Classic shorting by hedge funds has been selling or borrowing ADRs or GDRs (American or global depositary receipts), or shorting emerging-market stock indexes traded on the Chicago or Vienna exchanges. Obvious liquid shorts have been Lukoil in Russia and the Brazilian Bovespa index. In some markets where stocks are difficult to short, shorting the currency has served as a proxy. Investment banks until recently were able to offer index swaps, whereby a pay-out linked to a stock index's performance is netted against an interest-rate flow.

Another possible bear position is to borrow stock in a listed country fund. Even in normal markets it has been possible to arbitrage the discount or premium at which a country fund trades against its theoretical net asset value. But in volatile markets the bid-offer spread makes such trades uninteresting. "It's difficult to short Russian stocks now," says Lepine. "Everyone is in the same direction."

Securities borrowing may continue, however, provided there are long-only fund managers locked into their investments who are willing to lend out their portfolios. In a bear market, the advantage to the lender is that collateral posted against the stock is more likely to be more than enough, rather than too little, as the stock's price goes down. One collateral manager recalling early November says there was no instance of extraordinary collateral calls.

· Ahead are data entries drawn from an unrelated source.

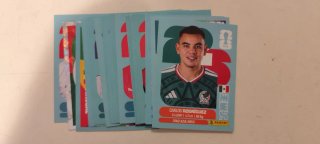 Cromos surtidos FIFA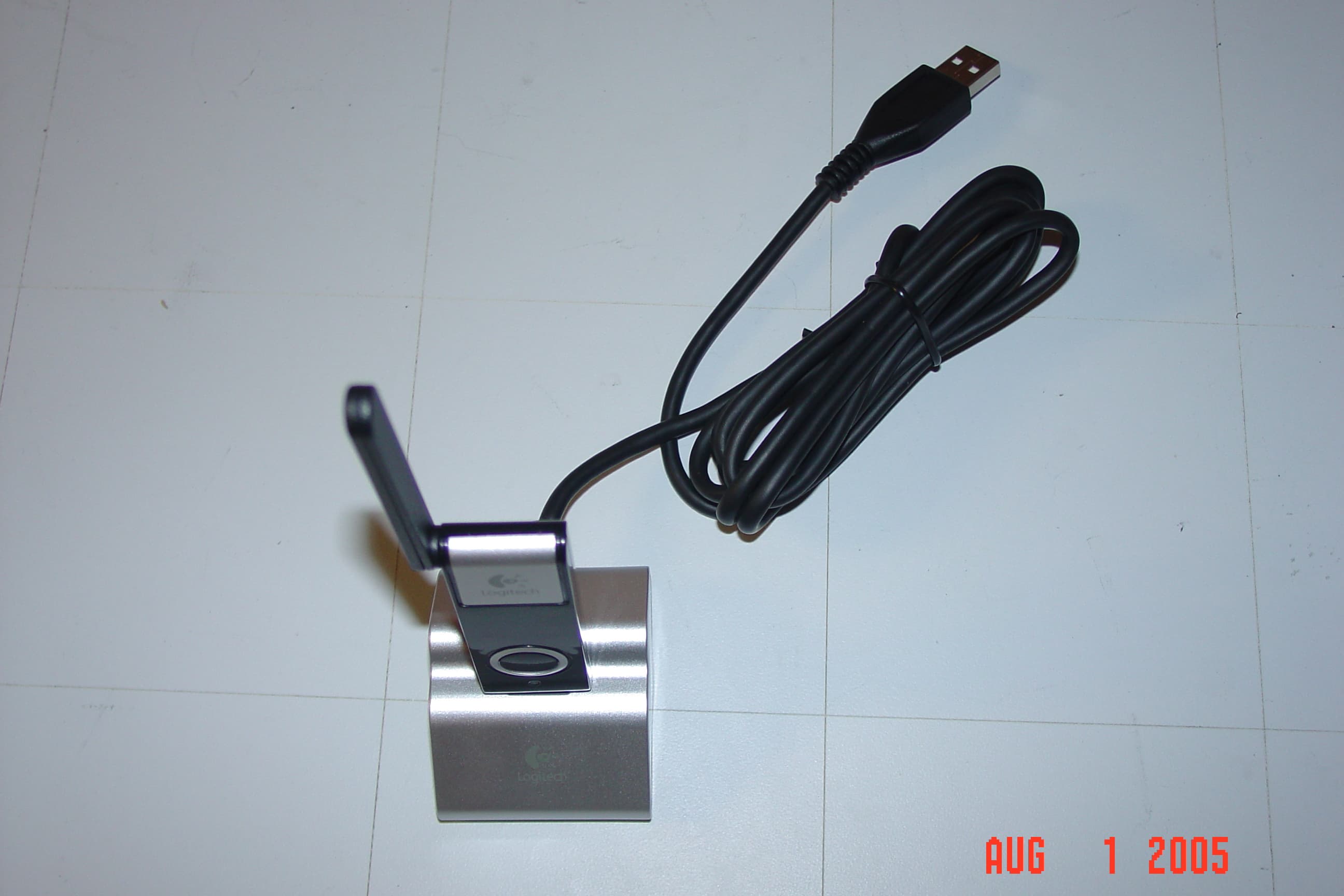 F-0414A - FCC ID DZLF0414AD - Logitech Inc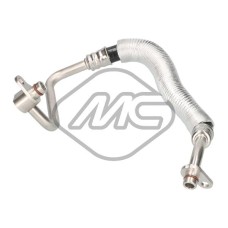 Conducto aceite, turbocompresor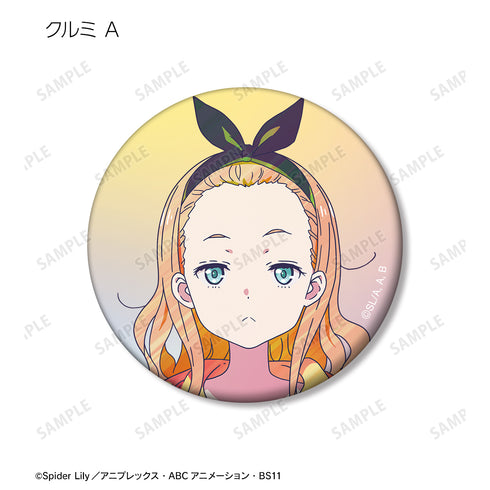 『リコリス・リコイル』トレーディング Ani-Art clear label マット⽸バッジ(全10種)BOX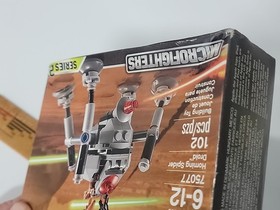 Lego 75077 Microfighters Star Wars Series 2 new sealed damaged box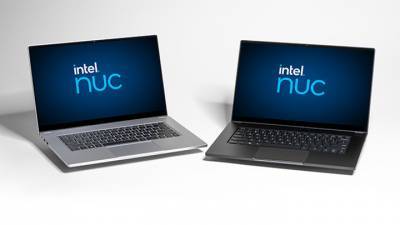 Intel показала "эталонный" ноутбук для своих чипов
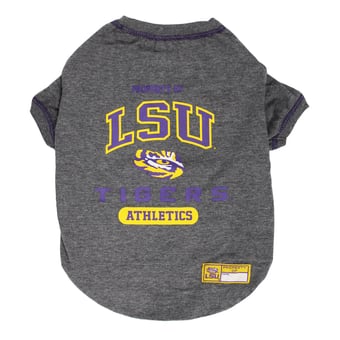 LSU Tigers Pet Merchandise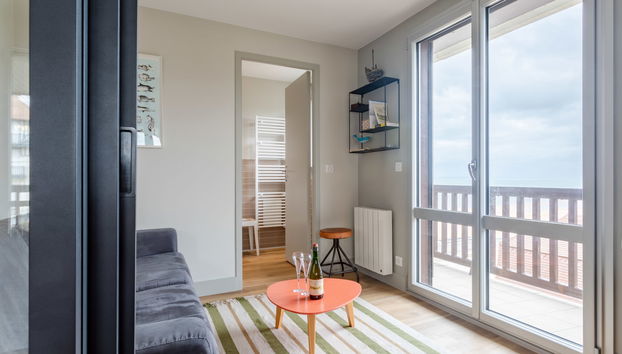 Apartamento de 2 quartos em Cabourg - Foto 3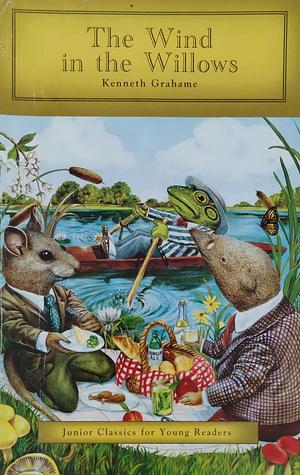 The Wind in the Willows by Kenneth Grahame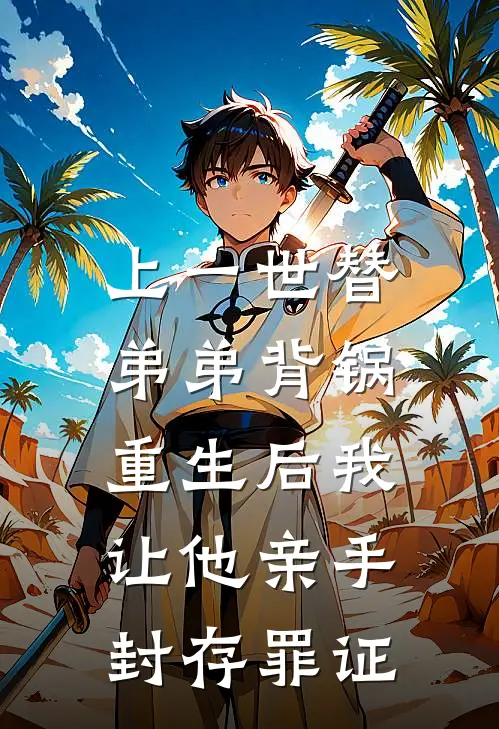 上一世替弟弟背锅，重生后我让他亲手封存罪证
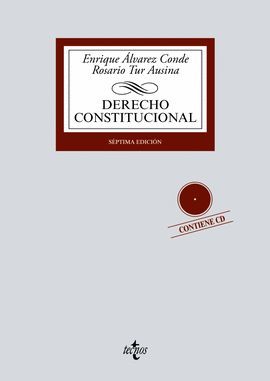 DERECHO CONSTITUCIONAL (7 EDICION 2017)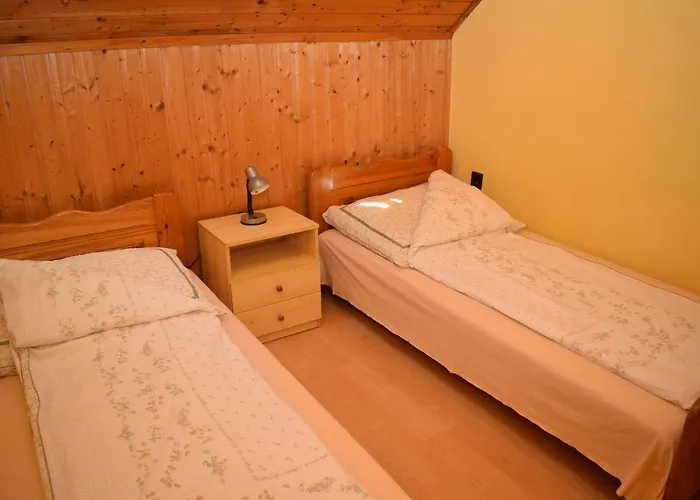 펜션 Schmidt Nyaralo Fonyód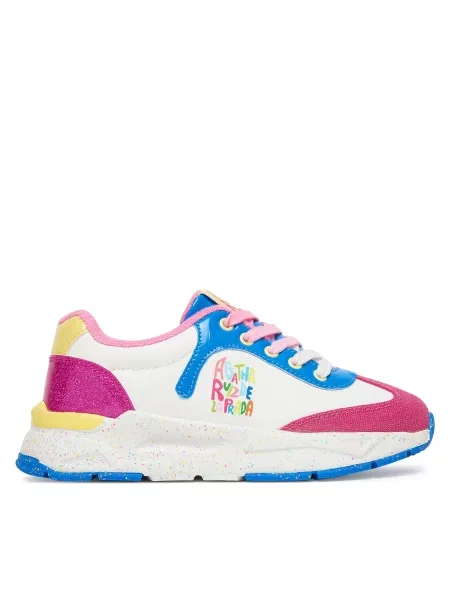 Сникърси Agatha Ruiz de la Prada Цветен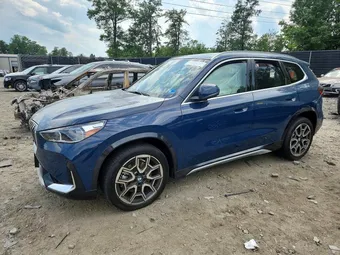 2026 BMW X1 WBX73EF07T5588273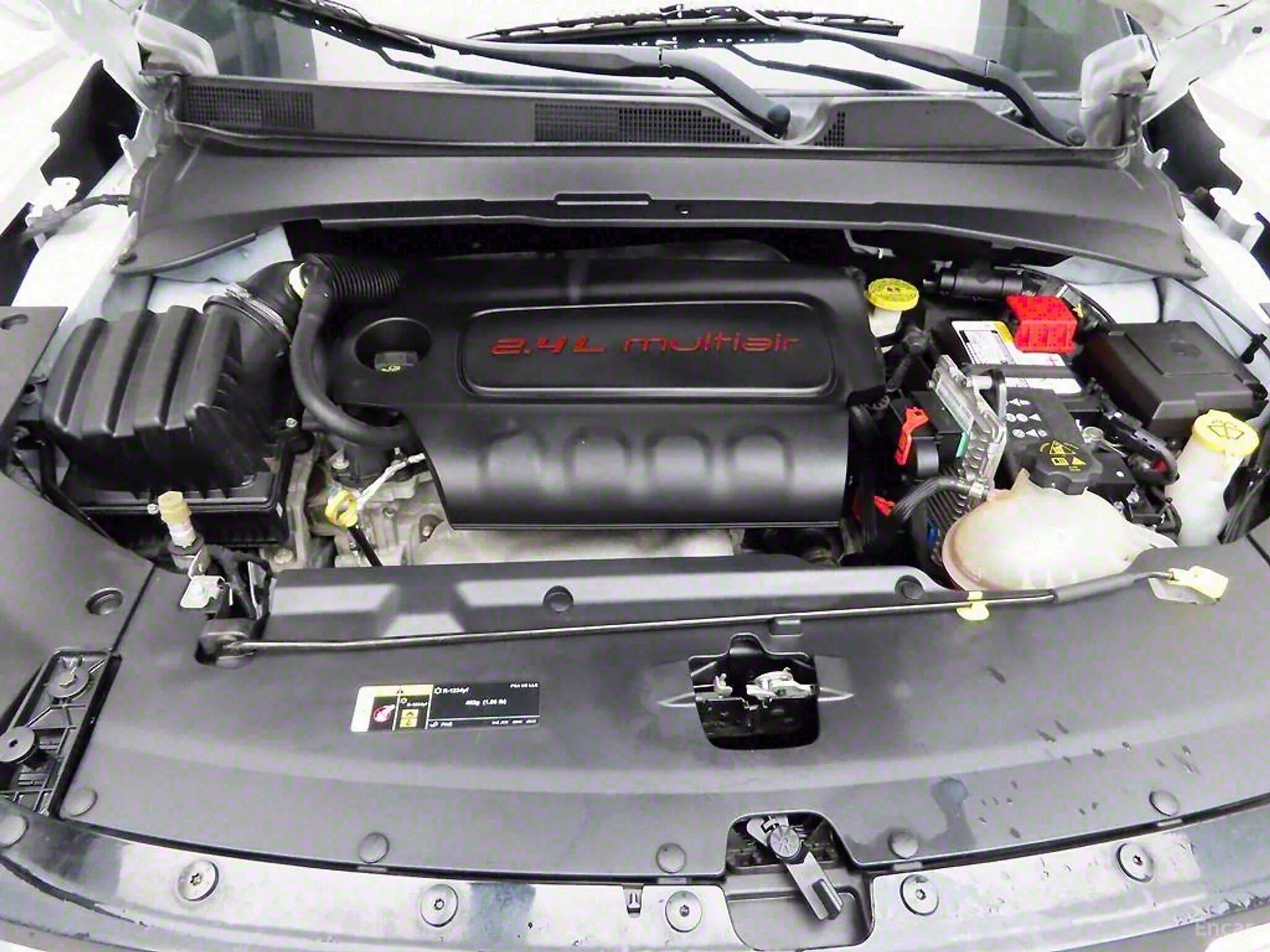 Jeep Compass 2nd Generation превью 20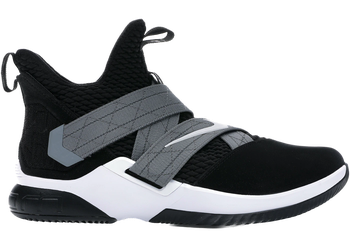 Nike LeBron Zoom Soldier 12 Air Raid for sale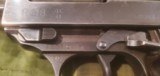 ALL MATCHING 1941 WALTHER P-38 WITH HOLSTER - 5 of 12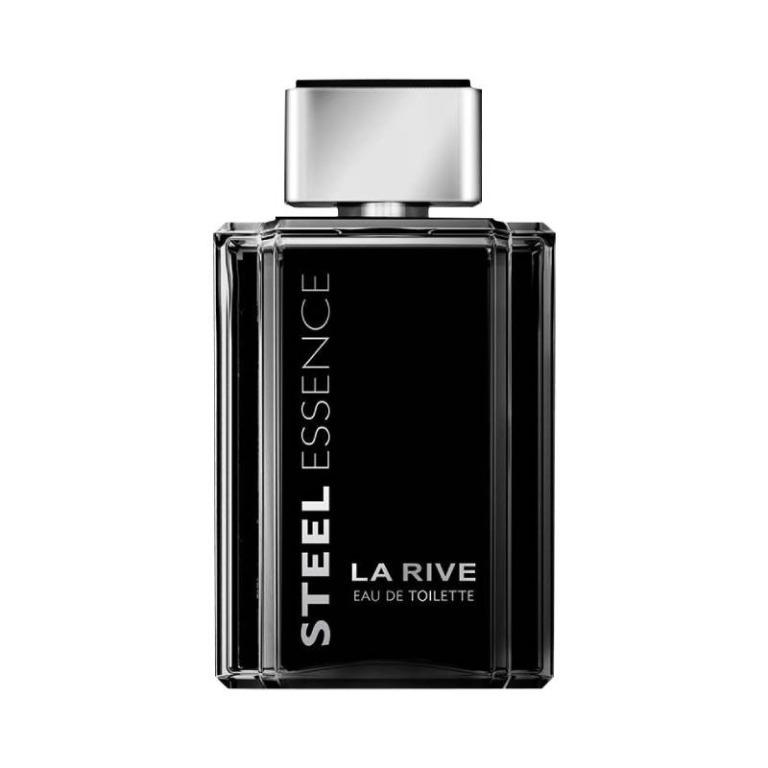 LA RIVE STEEL ESSENCE EAU DE TOILETTE 100ML - aromatic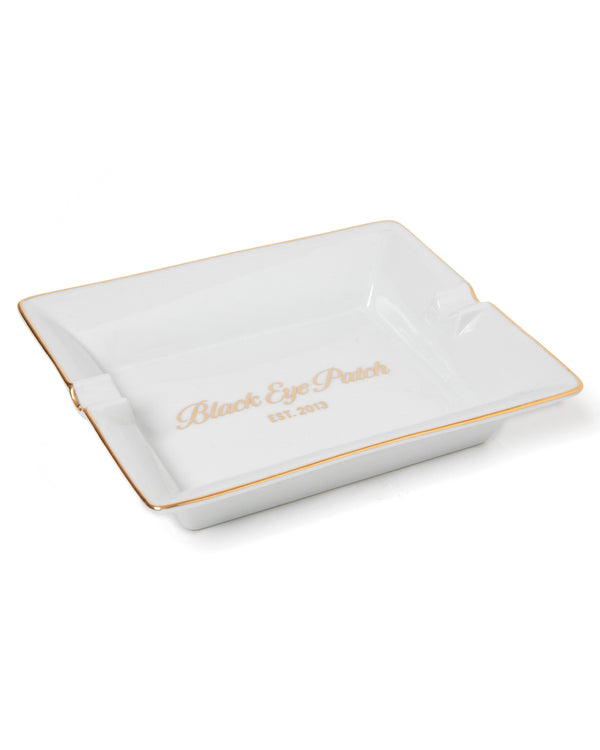 Ashtray (Large) White
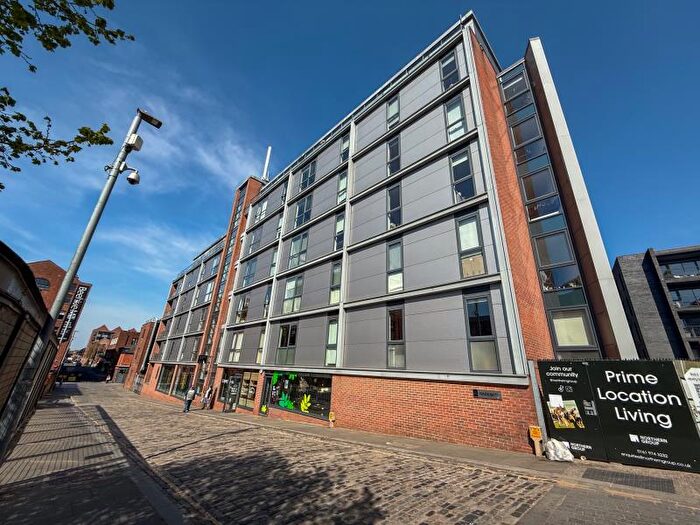 2 Bedroom Apartment To Rent In Apt G. :: Flint Glass Wharf, M4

But the underlying reason for borrowing stock is changing. In normal or bull markets stock is borrowed to create a long/short position - for example, in pairs or baskets of securities from the same sector, or in a convertible bond or warrant against the underlying share. For Malaysian and Thai stocks this had to be done offshore because of government fears of currency speculation.

But Thai regulators, finally persuaded that shorting is mostly used for arbitrage, not speculation, plan to allow shorting of stocks onshore from January 1998. This is ironic, say specialists, since arbitrage is near-impossible in these markets and more naked shorts are being put on.

Stock-repurchase agreements to raise cash or to finance further purchases of stock are a different matter. In these cases extraordinary margin calls are more likely in falling markets, as the stock put up as collateral declines in value. "Repo cash providers are much more sensitive [than stock lenders] to the quality of the collateral," says Roy Zimmerhansl, director for securities lending at Nomura International in London. "Stock lenders are more concerned about the credit quality of the counterparty."

Repo transactions can therefore rapidly exacerbate a contraction of liquidity as extra margin is called from the cash borrower. If the borrower is leveraged he must sell stock into a falling market to cover the position. How much of this was happening with emerging market investors in November? Repo houses are reluctant to say.

Fund managers, whether they are allowed to hedge or not, are facing a completely different world in 1998. Expected returns must decline although the risk in emerging markets stays high. The days when Russian ADRs were trading in New York at 40 times earnings are unlikely to return. "Where was the risk premium?" asks Gundzik.